What is required:
What is needed is an exact transcription of the line containing "Black Flag Flyers Unisex Softstyle T-Shirt" and every line after it through the end of the entries below, with no pictures.

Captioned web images
────────────────────

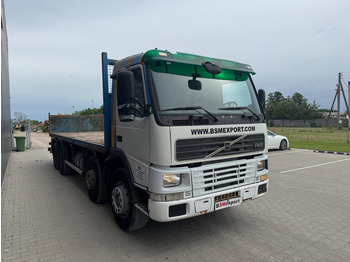 Platós teherautó Volvo FM 12.380: 2 kép.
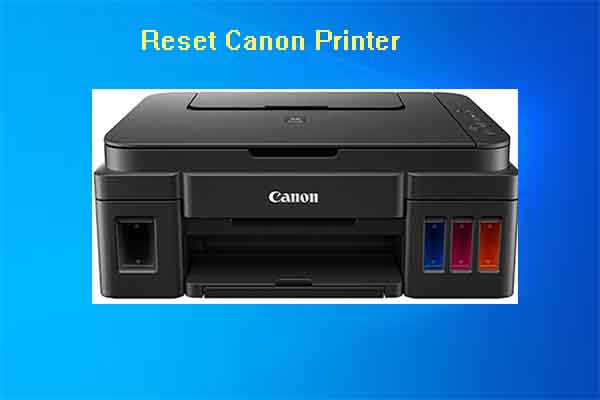 canon hard reset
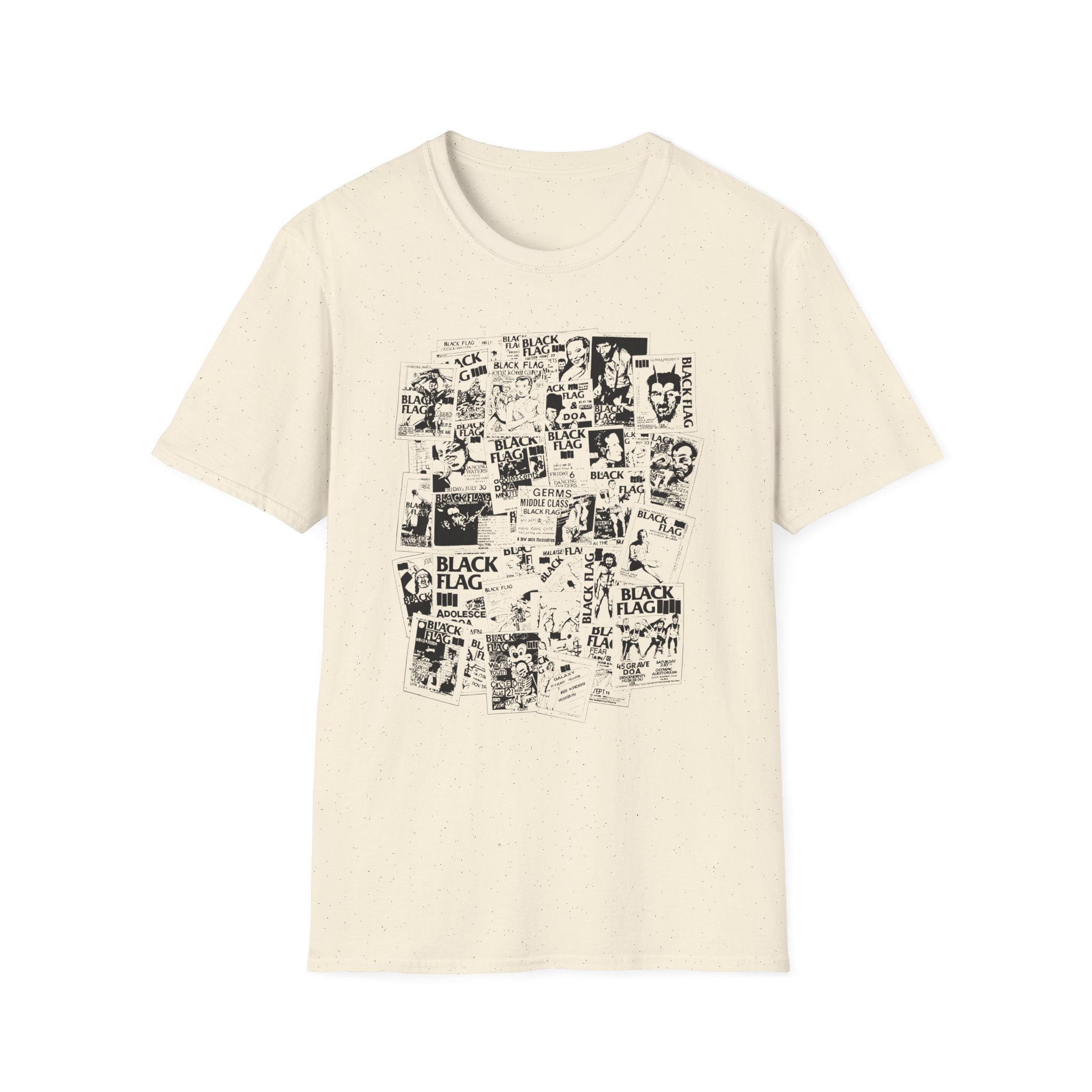 Black Flag Flyers Unisex Softstyle T-Shirt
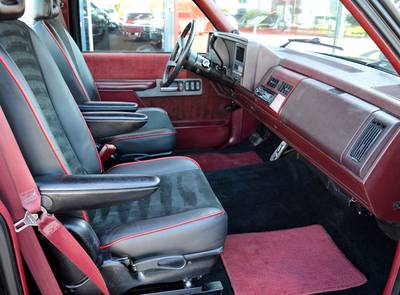 Chevrolet C1500 Pro Touring Custom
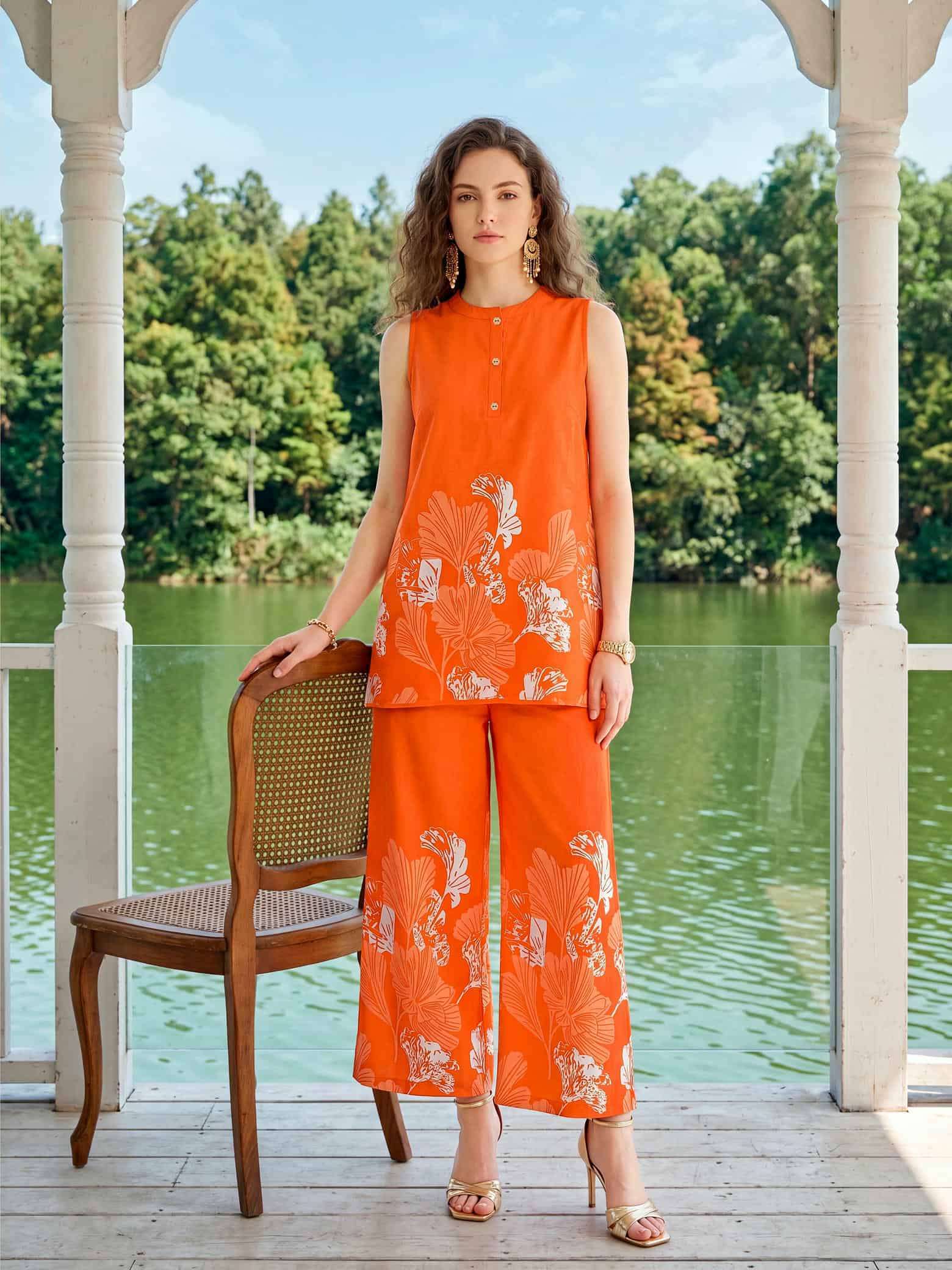 FESTIVE BEAUTY VOL-2 SERIES 201 TO 206 BY TIPS & TOPS DESIGNER PRINTED RAYON CO ORD SETS ARE AVAILABLE AT WHOLESALE PRICE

────────────────────

Written answer:
 Black Flag Flyers Unisex Softstyle T-Shirt
 Chevrolet C1500 Pro Touring Custom
 FESTIVE BEAUTY VOL-2 SERIES 201 TO 206 BY TIPS & TOPS DESIGNER PRINTED RAYON CO ORD SETS ARE AVAILABLE AT WHOLESALE PRICE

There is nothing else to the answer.